Wednesday, April 4, 2012

Expenses Matter and Investment Expertise is as Rare as Blue Diamonds

One of my favorite pastimes on the weekend is to listen to financial radio shows as I'm working on projects. Everyone who has one of these shows is trying to sell the listeners something-- financial planning, investment advice, money management, etc. One show in particular caught my attention. The host, as expected, was very confident, had an investment "vision" for the next 3 - 5 years of what sectors/countries would excel and which ones would lag, and touted wonderful results from implemented the advice. Since truth in advertising is hard to come by in the investment community, I decided to do some research.

This radio personality occasionally mentioned a set of mutual funds she ran. I was able to locate them on Morningstar and get some raw information on expenses and performance. Boy was I surprised! These funds carried a 5.75% load. Ouch! They also levied 1.75 yearly expense ratio. So just to break even on the initial investment, the funds would have to return 8.1%. But wait..... that is not all. These funds were actually funds of funds investing in ETFs which incurred their own expenses. The ETF expenses ranged from a low of .40% to a high of .95%. So the effective expense rate of these funds is really around 2.25-2.45%.

But wait...... that's not all. To compensate for this kind of expense structure, these funds should be shooting the lights out on performance, right? Though heavily weighted toward commodities with precious metals ETFs and oil futures ETFs, not to mention shorting the S&P 500 while going long on the Peru and Vietnam stock markets, a $10,000 investment in these funds at inception (approximately a year ago) is now worth in the neighborhood of $7,000, falling quite short of the benchmarks. In fact, in the Morningstar performance rankings they consistently scored in the high 90's when compared to their peer group (1 is the best score, 99 the worst).

The moral of this story is quite simple: don't mistake confidence for competence. Anyone with money can buy their way into a weekend AM radio show. True investment talent is a rare commodity and takes many years to confirm. Most investment folks on the radio are sales people, not investment geniuses. Investment geniuses would be busy investing the money that keeps rolling in due to their successes, not trolling for new dollars from anonymous people listening on the airwaves. These funds may someday catch up with market returns, but they've set a high hurdled to overcome with their expense structure. The smart investor knows that expense ratios are the most reliable predictor of future results.


  1. The radio is a magnet for shysters. I like the ones pitching equity linked annuities. They have perfected the art of playing to the fears of the elderly and the novice investor.
    Listeners need to check claims. Here is an interesting one

    1. I read the Roth article on Edelman and Vanguard a while back. You'd think a self-professed expert like Edelman would know better than shoot his mouth off like that, especially on something that can be so easily refuted...... but then in his case there's that gigantic ego......

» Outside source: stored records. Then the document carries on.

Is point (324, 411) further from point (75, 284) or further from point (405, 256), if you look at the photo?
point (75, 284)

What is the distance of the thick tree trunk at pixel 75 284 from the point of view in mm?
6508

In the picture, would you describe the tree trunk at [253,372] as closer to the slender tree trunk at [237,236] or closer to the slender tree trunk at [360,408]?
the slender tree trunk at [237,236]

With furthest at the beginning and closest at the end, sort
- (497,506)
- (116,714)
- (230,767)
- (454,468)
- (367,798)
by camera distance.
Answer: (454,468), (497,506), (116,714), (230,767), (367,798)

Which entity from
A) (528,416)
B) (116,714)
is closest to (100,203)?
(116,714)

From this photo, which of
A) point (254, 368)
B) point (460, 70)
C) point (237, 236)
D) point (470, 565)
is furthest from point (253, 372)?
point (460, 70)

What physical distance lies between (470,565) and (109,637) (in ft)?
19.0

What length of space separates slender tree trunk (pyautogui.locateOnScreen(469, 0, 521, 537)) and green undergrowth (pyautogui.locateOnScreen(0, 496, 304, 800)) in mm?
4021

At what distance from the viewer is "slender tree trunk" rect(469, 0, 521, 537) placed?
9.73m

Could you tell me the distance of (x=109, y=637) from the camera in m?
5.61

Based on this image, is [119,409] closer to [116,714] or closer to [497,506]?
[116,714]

  2. The problem that I have with so called investment stars. How can one tell the difference between luck and someone with real talent. Its much harder than you would ever think to tell the difference between investment skill or just luck. A perfect example is gold which was trading around two or three hundred dollars an ounce in 2000. If by coincidence I just happened to buy gold early in the year 2000 and at the same time sold all my stocks that I had owned for three decades. I would look like a investment genius. But all I would have to do to achieve that title is make just a few big moves and be right about them all just luck or skill you be the judge.

  3. The problem with investing in general is theirs a contradiction how does one maintain a diversified portfolio but outperform the market Its not possible. The only possible way to out perform the market is to buy things when their at the extremes of extremes. A very simple example of this is buying a narrow sector exchange traded fund or single country fund {Im not talking funds that use leverage or options to get double returns just funds that own the securities and do not use any leverage} thats down by 80 85 90 even 95 percent from its highs so few investors will step up to the plate and do this thats why they fail to outperform the market.